The panelists each read a prepared statement or gave a brief talk on the relationship between the literary and the fantastic.
Some interesting points:
- Writers should practice free love when it comes to literary/ genre writing. Write everything. Love everything.
- The artificiality in genre distinctions has more to do with marketability than content.
- In genre fiction, online magazines have more prestige and better stories, while the print magazines are mired in nostalgia.
- Kevin Brockmeier is amazing and I must read all of his books.
- Apocalypse tales are better when they have a sense of wonder amid the horror.
- Unstuck – Open for submissions through March 13, 2012.
- Fairy Tale Review – They’re open for submissions for their Yellow Issue until May 31, 2012.

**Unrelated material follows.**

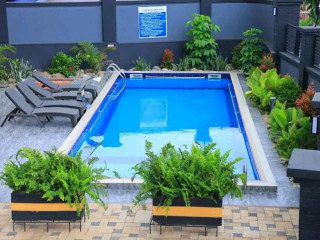 KIMIHURURA very nice fully furnished apartments for rent with swimming pool in Kigali Rwanda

|Fairy Tale Review and Unstuck|
The small white square in the center of this photograph is a music CD, full of songs inspired by fairy tales. I can’t wait to listen to it.
Margaret Atwood was the keynote speaker this year at AWP. She was witty and funny and brief, and I loved her for taking hands with the sign language interpreter for a joint bow at the end of her speech.

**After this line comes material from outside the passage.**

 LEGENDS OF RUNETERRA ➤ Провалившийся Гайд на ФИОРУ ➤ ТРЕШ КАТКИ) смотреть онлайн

|Margaret Atwood speaking in the Roosevelt Theater, Chicago|
Atwood was asked to speak about the craft of writing, but she explained in her speech that she had never formally studied writing. In the end, she learned by reading and reading and reading, writing and rewriting and beginning all over again.

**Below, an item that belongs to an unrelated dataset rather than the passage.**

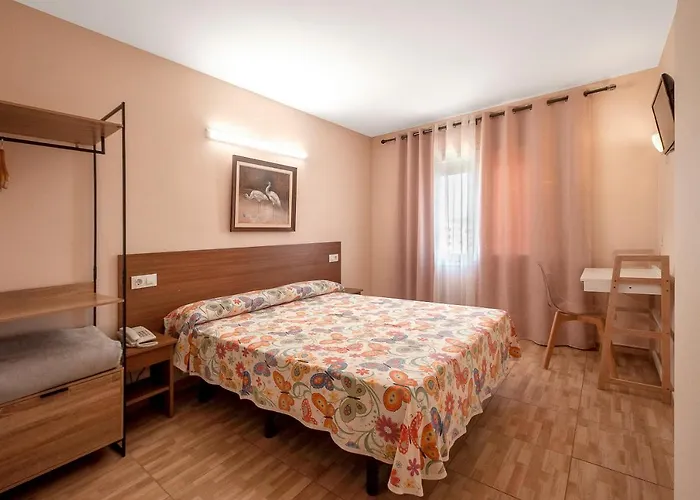 Hotel Silvia Ampuriabrava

There was a book lottery for people to have up to two books signed by Margaret Atwood. I entered. I didn’t win. But it was amazing just to be able to be in the same giant auditorium with her, and to hear her speak about working tirelessly to craft stories in an encouraging but realistic way.
The Ultimate AWP Event: Hanging Out
|Clarion West 2011 Classmates Maria Romasco-Moore & Nick Tramdack|
Missed Opportunities: Panels & Events I Didn’t Attend
There were several genre events that I didn’t attend. AWP is like that – there’s always ten interesting things going on at the same time.
Here’s some of the genre events that I missed:
- Readings & Parties:
- Wag’s Review & Unstuck Reading, with readers Noam Dorr, Lucas Mann, Rachel Swirsky, and Julia Whicker.
- Unstuck Reading, with readers Gabriel Blackwell, Ian Richard Jones, Meghan McCarron, Joe Meno, Kiki Petrosino, Dan Rosenberg, Zack Savich, Francesca Thompson, and Matthew Vollmer.
- Literary Rock & Roll with Audrey Niffeneger
- Women in Jeopardy: Crime Fiction
- Fallout & Facts: Creative Nonfiction in the Nuclear Age
- I’d Take Stephenie Meyer’s Royalty Check: What Should We Be Teaching Our Students?
- Midwest Gothic: Dark Fiction of the Heartland
- Vampire by Vampire: Genre Writing and the Creative Writing Workshop
If you write genre/ weird/ fantasy/ science fiction stories and you’re thinking about going to AWP next year, then you’re likely to find a good number of events to attend and journals to discover.
For me, the best part of any convention, literary or genre, is hanging out with your writing friends. The genre people were especially open to speaking with the crowd after panels, talking about their journals at the book fair, and being introduced to genre friends. I was a little worried that I’d feel marginalized and lonely as a fantasy writer at AWP, but in the end it was a wonderful experience.